Why do Indigenous Communities Continue to Practice Shifting Cultivation?
Shifting cultivation continues to be a predominant agricultural practice in many parts of India, despite state discouragement and multipronged efforts to wean indigenous communities away from it. Their land, due to remoteness, poor access to markets and undulating terrain, leaves them with few alternatives.
In northeast India, a 2018 report released by the Indian government revealed that an area of 8500 square kilometres is still being used to practice shifting cultivation (SC) – an agricultural system practiced for centuries.
The process consists of cultivating land temporarily and then abandoning it – usually for a period of one to two decades so the soil recuperates its fertility and reverts to its natural state. Because it involves the felling of trees for temporary cultivation, it is blamed for deforestation, soil erosion and loss of biodiversity, all contributors to global climate change.

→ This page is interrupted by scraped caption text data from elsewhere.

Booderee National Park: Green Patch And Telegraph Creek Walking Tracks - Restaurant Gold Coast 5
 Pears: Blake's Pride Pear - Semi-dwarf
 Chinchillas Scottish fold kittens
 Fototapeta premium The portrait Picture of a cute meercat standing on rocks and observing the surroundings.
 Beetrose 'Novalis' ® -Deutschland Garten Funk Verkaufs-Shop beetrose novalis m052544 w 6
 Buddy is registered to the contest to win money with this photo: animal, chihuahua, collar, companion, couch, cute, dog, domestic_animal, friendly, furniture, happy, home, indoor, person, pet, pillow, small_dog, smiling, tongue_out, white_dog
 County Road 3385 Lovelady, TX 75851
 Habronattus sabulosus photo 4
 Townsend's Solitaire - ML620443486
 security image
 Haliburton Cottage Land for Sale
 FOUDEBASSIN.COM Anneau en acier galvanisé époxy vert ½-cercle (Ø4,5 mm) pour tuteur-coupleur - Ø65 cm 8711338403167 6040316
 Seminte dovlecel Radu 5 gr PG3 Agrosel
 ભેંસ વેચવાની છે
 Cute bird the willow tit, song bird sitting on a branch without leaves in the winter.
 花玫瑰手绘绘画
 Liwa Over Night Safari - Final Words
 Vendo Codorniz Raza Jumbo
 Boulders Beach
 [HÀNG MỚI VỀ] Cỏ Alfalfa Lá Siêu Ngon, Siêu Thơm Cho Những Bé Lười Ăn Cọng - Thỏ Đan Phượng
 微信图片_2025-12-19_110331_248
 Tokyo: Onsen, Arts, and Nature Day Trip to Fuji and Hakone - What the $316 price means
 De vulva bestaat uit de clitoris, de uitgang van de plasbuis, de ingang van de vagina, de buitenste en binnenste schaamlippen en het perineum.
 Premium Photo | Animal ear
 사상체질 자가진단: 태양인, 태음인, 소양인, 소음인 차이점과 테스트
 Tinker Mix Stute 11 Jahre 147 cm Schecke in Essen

However, contrary to this popular notion held by state officials and other agencies, the practice does provide a sustainable means of livelihood and food security to the communities that practice it. The problem lies in both its commercialisation and production pressures arising from a human-population increase, leading to a reduction in fallow length – the period between two cultivation phases.
In a book called Shifting cultivation policies: Balancing environmental and social sustainability (2017), an outline of the role of government and local institutions in regulating shifting cultivation over time has been described. Interventions aimed at stopping shifting cultivation go as far back as pre-British rule when the Ahoms from upper Burma ruled over Assam state. The rulers discouraged the practice and instead introduced alternatives such as wet-rice farming. Additionally, between 1827 and 1947, in the early colonial period of British rule, shifting cultivation was seen as primitive and efforts were made to ban the practice and wean farmers away from it.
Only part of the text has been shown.